Dimmick added, “The billboard imagery was insensitive, crass and a futile attempt to gain the approval of New Yorkers for their illegal use of our waters for their own personal gain.”

Governor Andrew Cuomo called the billboards a “nuisance that blight our shores and distract from the great natural beauty of our waterways” when he signed a law banning them from operating last month. The company that operates the billboard boats, Ballyhoo Media, has said that they will not stop running them. CEO Adam Shapiro argues that the state law only applies to floating billboards that use “flashing or intermittent lights,” and that Ballyhoo only has to adhere to federal standards for roadway signs, which allow digital billboards to change every four to ten seconds.

The NYPD recently told Gothamist that they are still figuring out how to enforce the state law, which carries penalties of $1,000 for a first violation, and $5,000 for subsequent offenses.

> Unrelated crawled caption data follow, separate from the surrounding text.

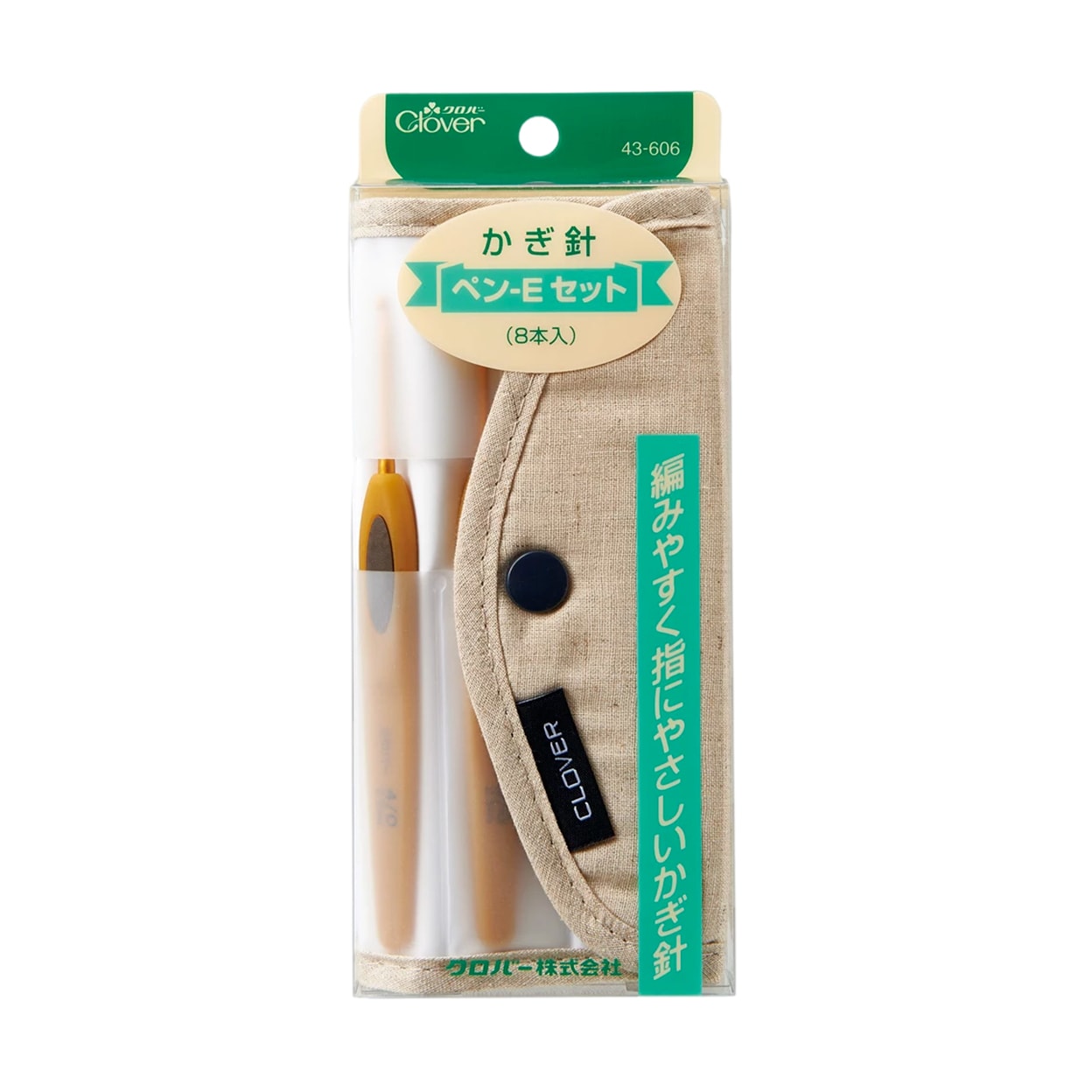 clover pen e 鉤針套裝 clover pen e 鉤針套裝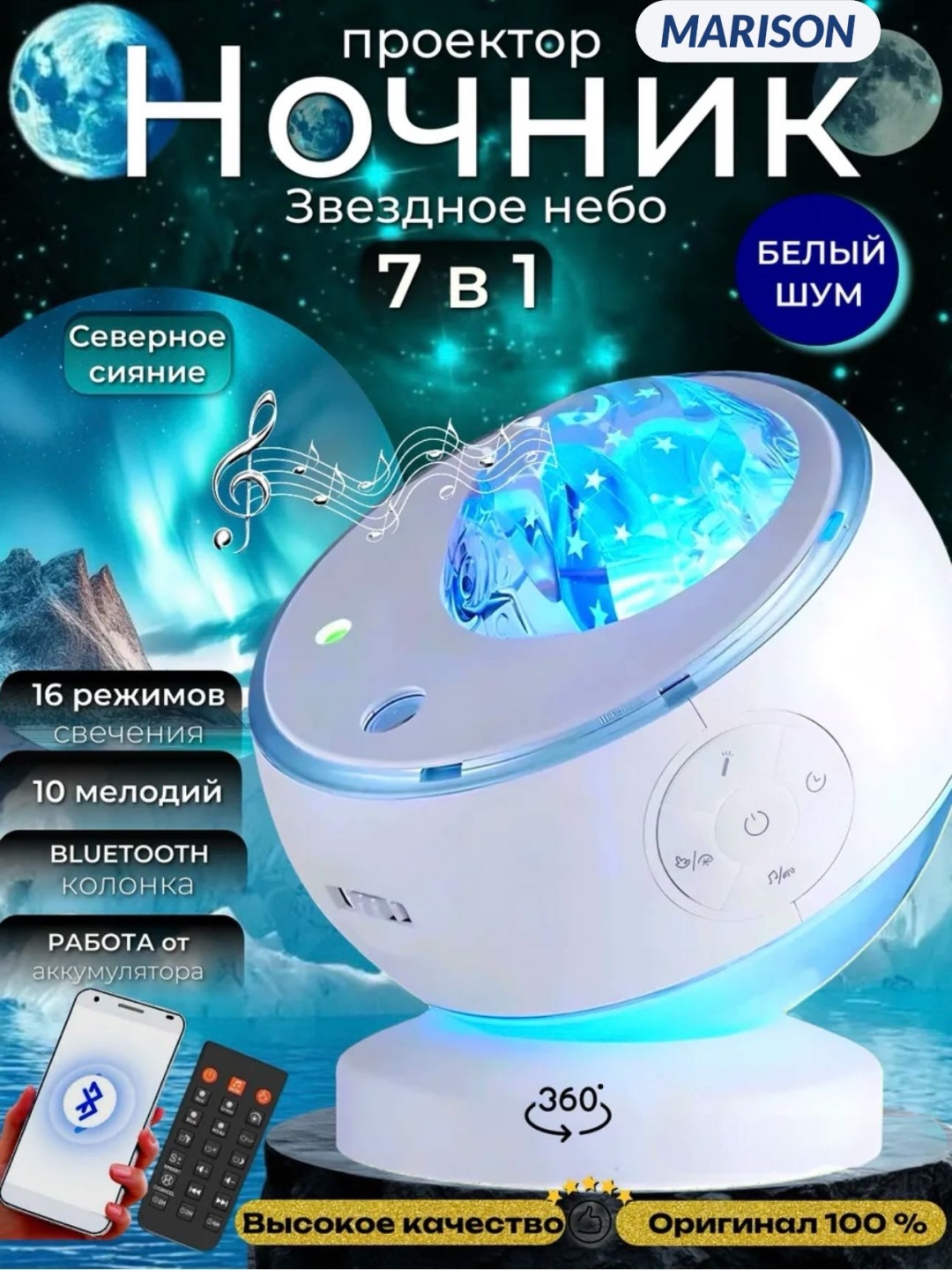 MARISON Ночник-проектор звездное небо 7 в 1 с белым шумом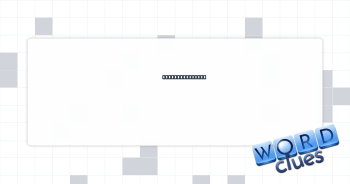 Inflation stat. Crossword Clue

A lawsuit filed by the City against Ballyhoo is still pending, and the company has countersued, while a judge has ordered them maintain a distance of 1,500 feet of the city shoreline or within sight of any “arterial highway” like the FDR or West Side Highway. (Ballyhoo has acknowledged that they’d been forced to breach the boundary in order “to maintain safe navigation procedures.”) Court records show that the two sides are preparing for a bench trial, and a status conference is scheduled for February 20, 2020.

Ballyhoo reportedly gets paid $55,000 to run 30-second spots in two minute loops over a four week period. The company has previously aired messages to raise awareness of climate change.

Shapiro and a rep for the company have not responded to our request for comment. Tomorrow, when you’re looking at an ad for Pets 2 on a 1,200-foot billboard in the Hudson River, don’t forget to remember that today, that billboard was telling you to “NEVER FORGET.”